● **Your task**: The lines to return begin at the one containing "Premium Black Leather Wallet, Art:- LA-1414" and end at the final line of the material; output them exactly and only them.

● **Source material**:

****************************************

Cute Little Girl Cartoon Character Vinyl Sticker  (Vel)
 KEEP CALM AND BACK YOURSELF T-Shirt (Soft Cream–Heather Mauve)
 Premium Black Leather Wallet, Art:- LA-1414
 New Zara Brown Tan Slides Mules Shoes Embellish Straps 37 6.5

****************************************

● **Result for this exercise**:
 Premium Black Leather Wallet, Art:- LA-1414
 New Zara Brown Tan Slides Mules Shoes Embellish Straps 37 6.5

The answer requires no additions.